=== EXERCISE BRIEF ===
Once the images are set aside, return every entry exactly.

*** EXERCISE DATA ***

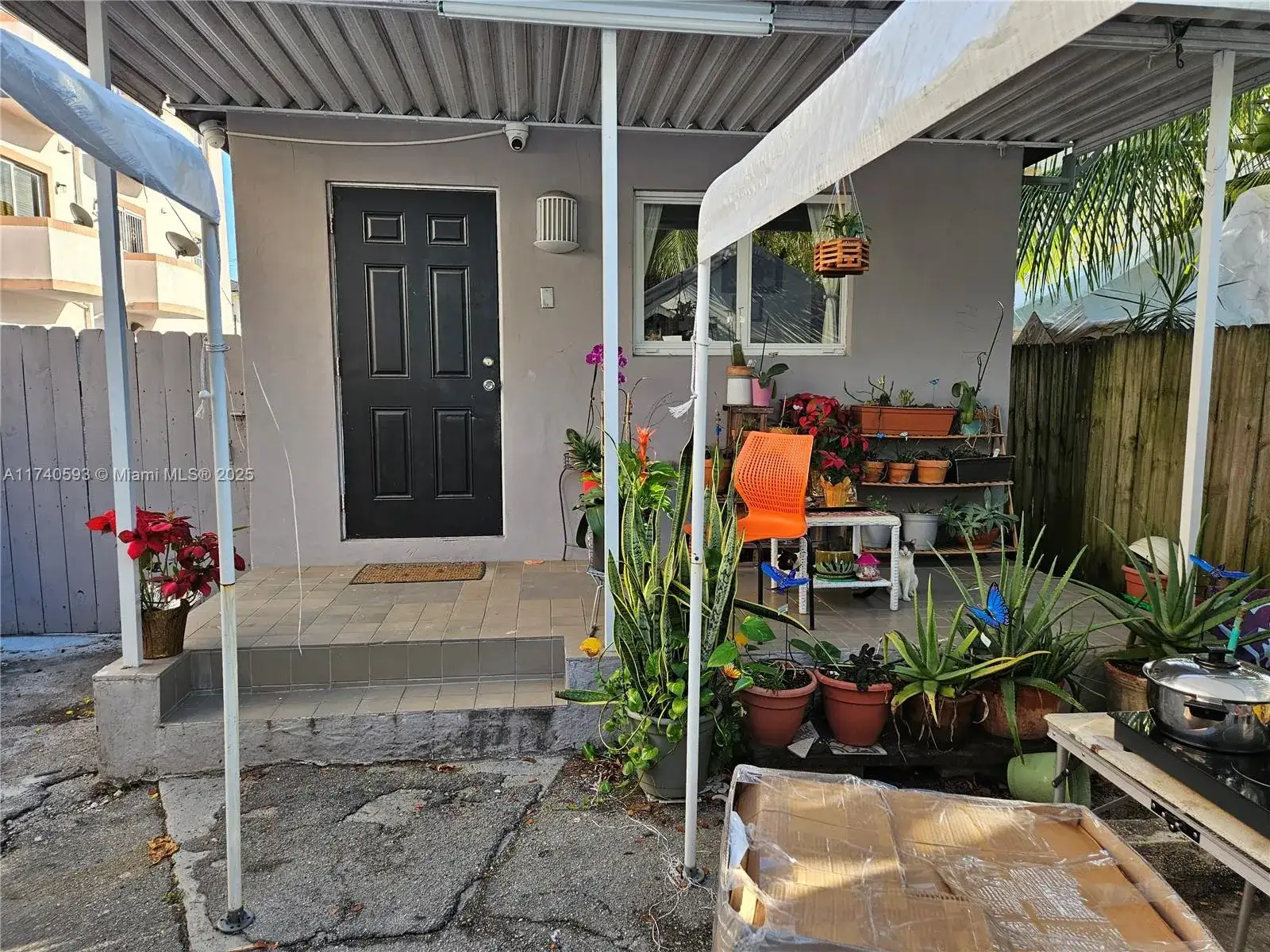 1260 NW 4th St, Miami FL 33125 photo 3
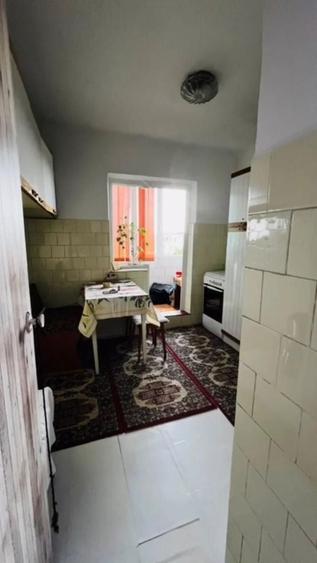Apartament cu 3 camere decomandat, mobilat în Girocului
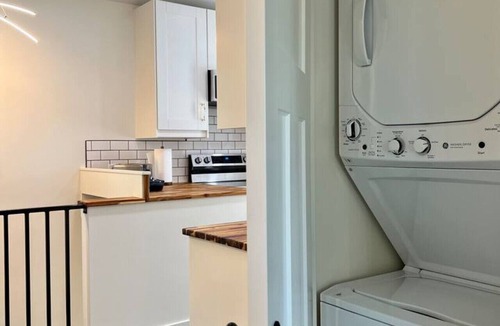 South Lethbridge House | 2 Bdrm Coach House Near Hospital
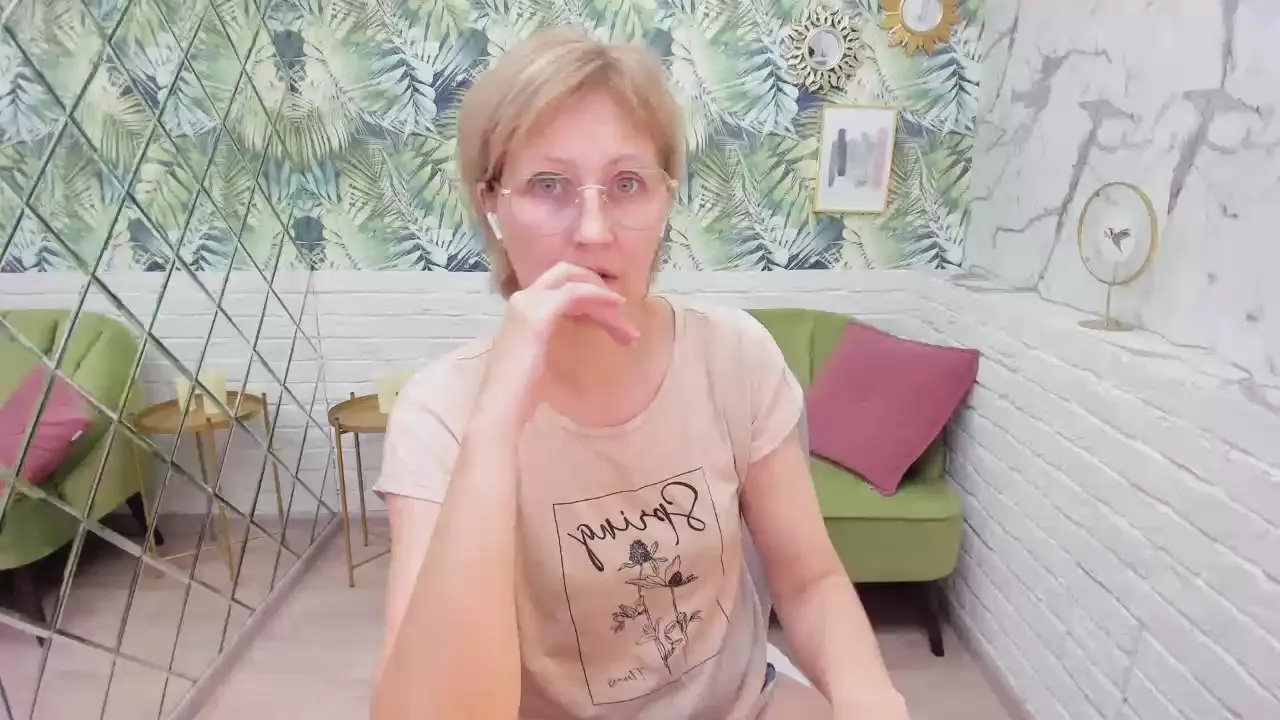 Freechat ParisCherry on Cam4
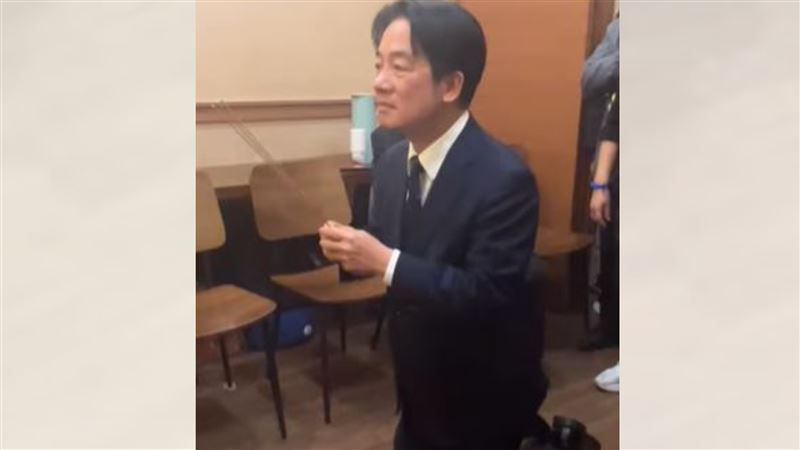 舅媽選前過世　賴清德靈前跪謝昔照顧恩情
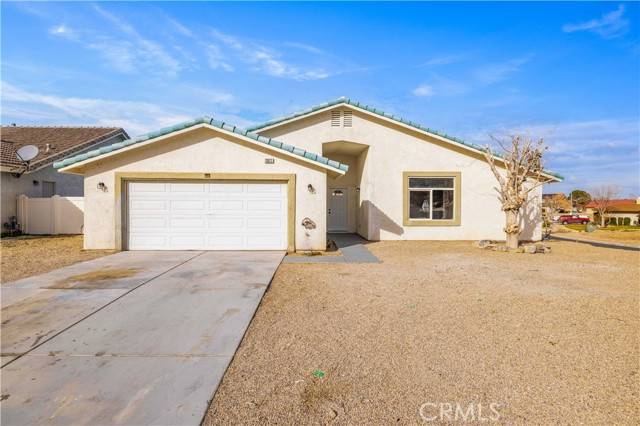 Helendale, CA 92342,13812 Windward LN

*** End of EXERCISE DATA ***

=== ANSWER SECTION ===
 1260 NW 4th St, Miami FL 33125 photo 3
Apartament cu 3 camere decomandat, mobilat în Girocului
 South Lethbridge House | 2 Bdrm Coach House Near Hospital
 Freechat ParisCherry on Cam4
 舅媽選前過世　賴清德靈前跪謝昔照顧恩情
 Helendale, CA 92342,13812 Windward LN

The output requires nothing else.